Paradigm

How to Raise the Gas Limit, Part 1: State Growth

Mar 04, 2024 | Storm Slivkoff, Georgios Konstantopoulos

Contents

State growth and its relationship to Ethereum’s gas limit are widely misunderstood. It is commonly believed that state growth is Ethereum’s primary scaling bottleneck. However, discussions of state growth are often held back by imprecise terminology and a lack of detailed quantitative evidence.

Embracing a data-driven approach brings significant clarity to the state growth issue. In this article we leverage high-resolution datasets to understand the size and shape of state growth. In doing so, we reach the surprising conclusion that modern consumer hardware can sustain current rates of state growth for at least a decade. Furthermore, this runway is likely to be extended indefinitely by upcoming improvements to software and hardware.

We believe that Ethereum has a clear roadmap toward 1) complete elimination of state growth as a scaling bottleneck and 2) raising the gas limit to a level that supports a global-scale decentralized financial system. The goal of this blogpost series is to develop a scientific approach for understanding and enacting this scaling roadmap.

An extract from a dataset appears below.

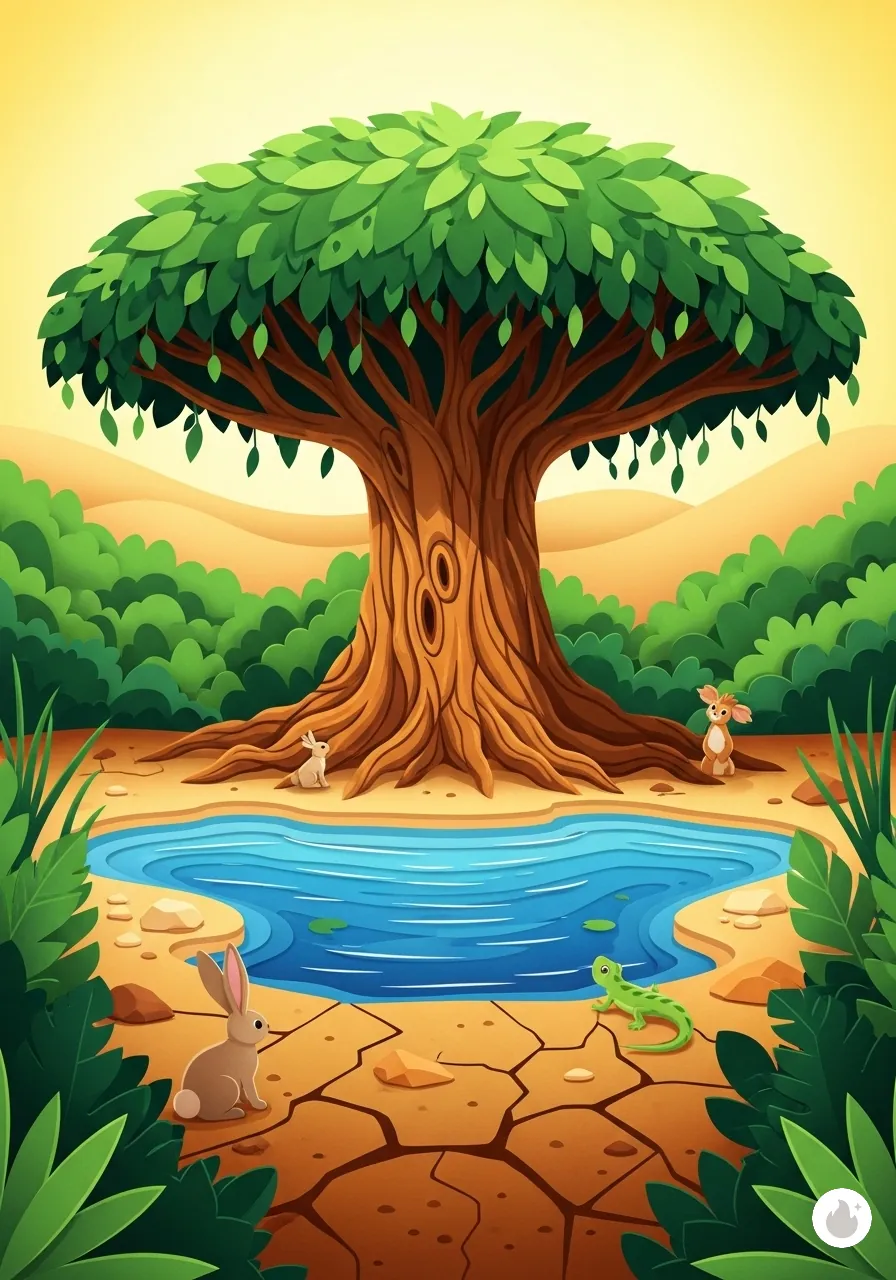 The Phoenix, The Parasol Tree, and The Serpent - Page 4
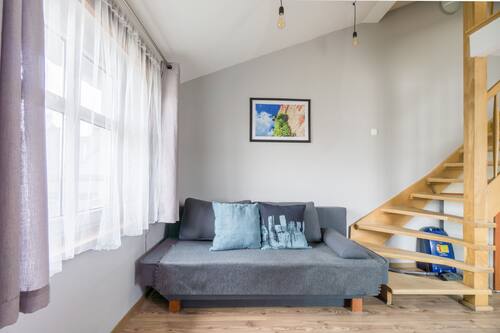 Apartment (Dietla 63/16 Street)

This article is part 1 in a blogpost series about Ethereum scaling. Part 1 is about state growth, part 2 is about history growth, part 3 is about state access, and part 4 is about the gas limit.

What is state growth?

The term “state growth” is commonly used as a catch-all for any Ethereum scaling bottleneck where data size exceeds the capacity of Ethereum node hardware. However, state growth should not be thought of in this monolithic way. There are multiple types of Ethereum data, each with its own relationship to a node’s underlying hardware components. It is thus crucial to use precise terminology that disentangles each distinct scaling bottleneck.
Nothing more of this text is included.